Adam is a gradient-based optimization algorithm that is relies on adaptive estimates of lower-order moments. The algorithm requires little memory and is invariant to diagonal rescaling of the gradients. Furthermore, it is able to cope with non-stationary objective functions and noisy and/or sparse gradients.


AMSGRAD
Sashank J. Reddi and Satyen Kale and Sanjiv Kumar. (2018).
On the Convergence of Adam and Beyond. International Conference on Learning Representations.

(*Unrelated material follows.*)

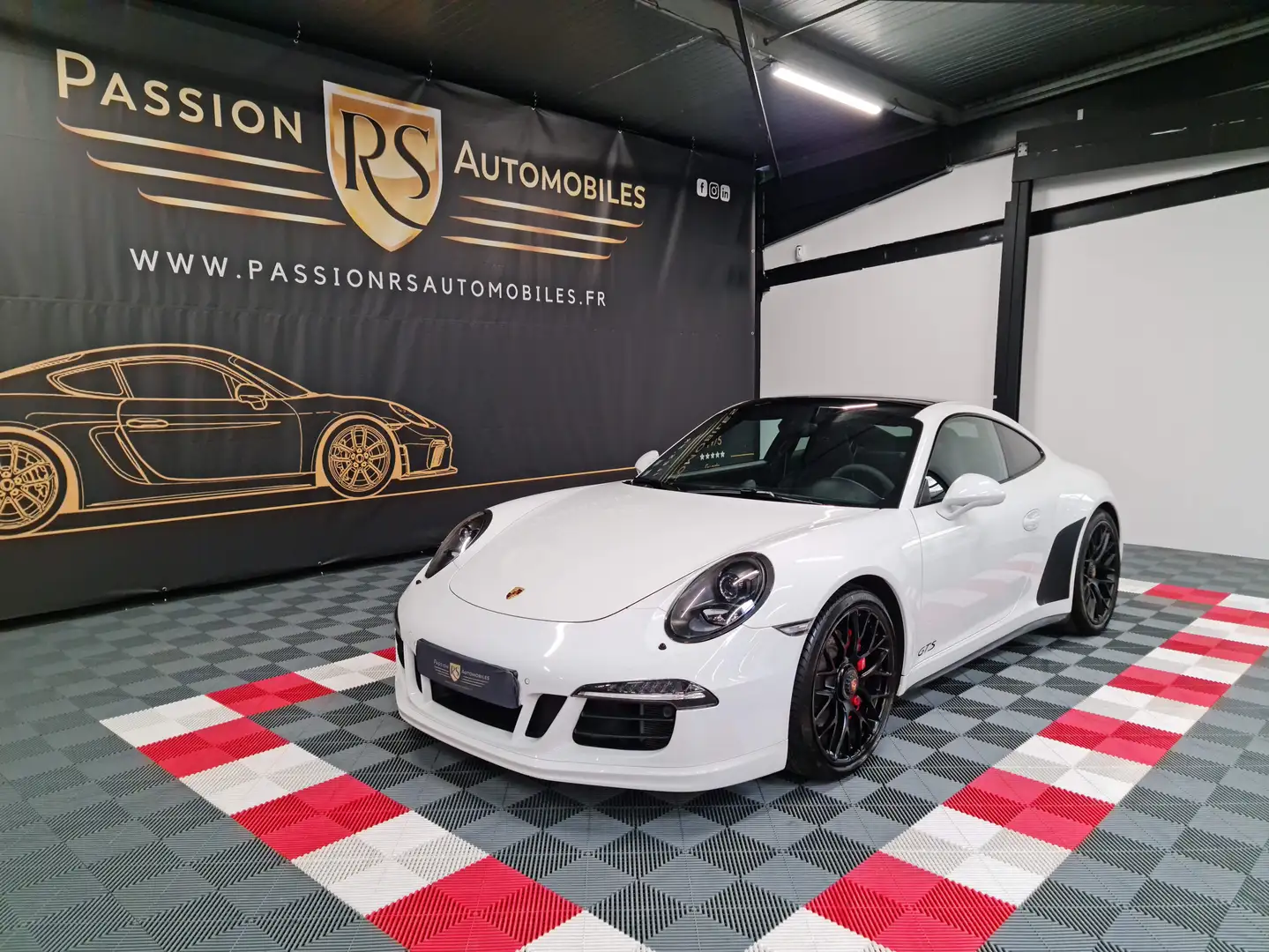 Porsche 911 911 Carrera 4 Coupé 3.8i 430 GTS PDK Weiß - 1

AMSGRAD (a variant of ADAM) uses a ‘long-term memory’ of past gradients and, thereby, improves convergence properties.

Parameters
  • maxiter (int) – Maximum number of iterations

  • tol (float) – Tolerance for termination

  • lr (float) – Value >= 0, Learning rate.

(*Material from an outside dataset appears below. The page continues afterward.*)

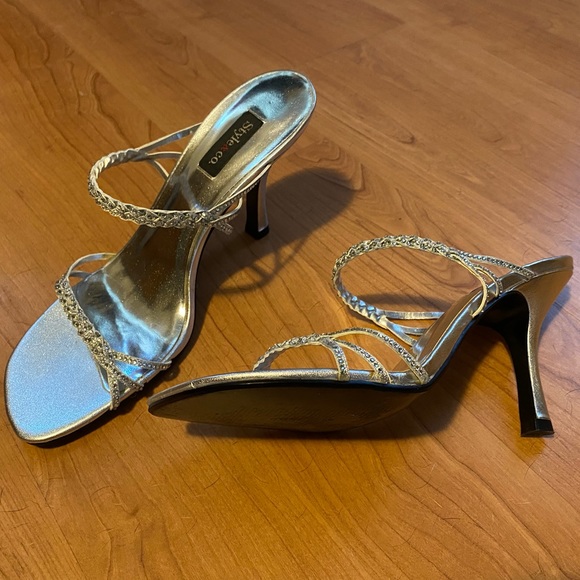 Style & Co. Heels - Picture 2 of 2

  • beta_1 (float) – Value in range 0 to 1, Generally close to 1.

  • beta_2 (float) – Value in range 0 to 1, Generally close to 1.

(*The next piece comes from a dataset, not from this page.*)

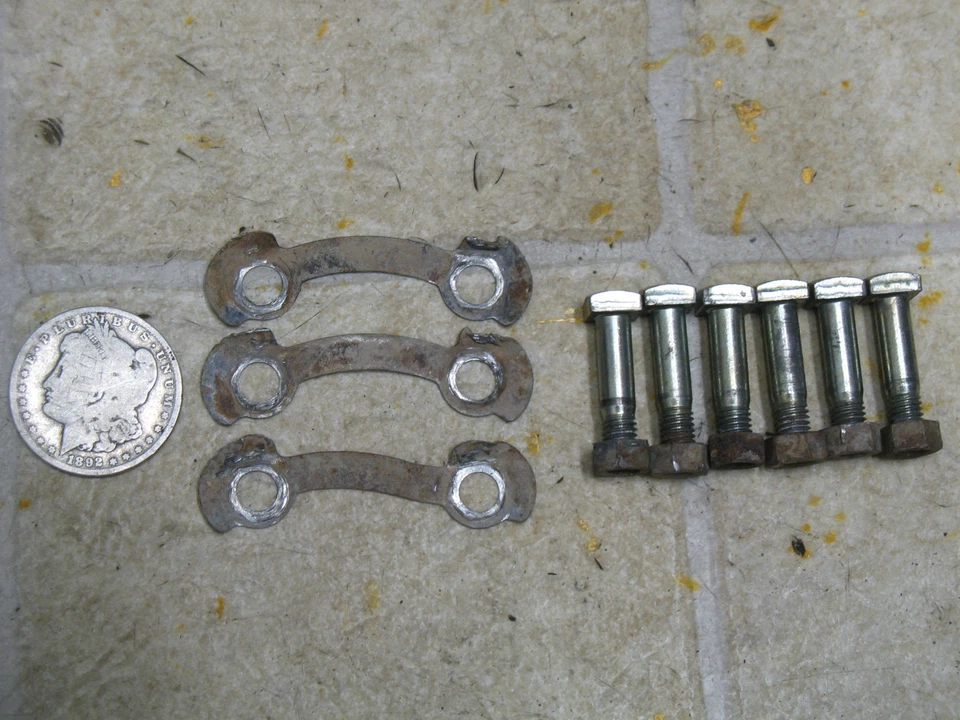 78 铃木 SP370 后方 SPROCKET BOLTS 硬件 — 第 1/3 张图片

  • noise_factor (float) – Value >= 0, Noise factor

  • eps (float) – Value >=0, Epsilon to be used for finite differences if no analytic gradient method is given.

  • amsgrad (bool) – True to use AMSGRAD, False if not

  • snapshot_dir (Optional[str]) – If not None save the optimizer’s parameter after every step to the given directory

Attributes

ADAM.bounds_support_level

Returns bounds support level

ADAM.gradient_support_level

Returns gradient support level

ADAM.initial_point_support_level

Returns initial point support level

ADAM.is_bounds_ignored

Returns is bounds ignored

ADAM.is_bounds_required

Returns is bounds required

ADAM.is_bounds_supported

Returns is bounds supported

ADAM.is_gradient_ignored

Returns is gradient ignored

ADAM.is_gradient_required

Returns is gradient required

ADAM.is_gradient_supported

Returns is gradient supported

ADAM.is_initial_point_ignored

Returns is initial point ignored

ADAM.is_initial_point_required

Returns is initial point required

ADAM.is_initial_point_supported

Returns is initial point supported

ADAM.setting

Return setting

Methods

ADAM.get_support_level()

Return support level dictionary

ADAM.gradient_num_diff(x_center, f, epsilon)

We compute the gradient with the numeric differentiation in the parallel way, around the point x_center.

ADAM.load_params(load_dir)

load params

ADAM.minimize(objective_function, …)

ADAM.optimize(num_vars, objective_function)

Perform optimization.

ADAM.print_options()

Print algorithm-specific options.

ADAM.save_params(snapshot_dir)

save params

ADAM.set_max_evals_grouped(limit)

Set max evals grouped

ADAM.set_options(**kwargs)

Sets or updates values in the options dictionary.

ADAM.wrap_function(function, args)

Wrap the function to implicitly inject the args at the call of the function.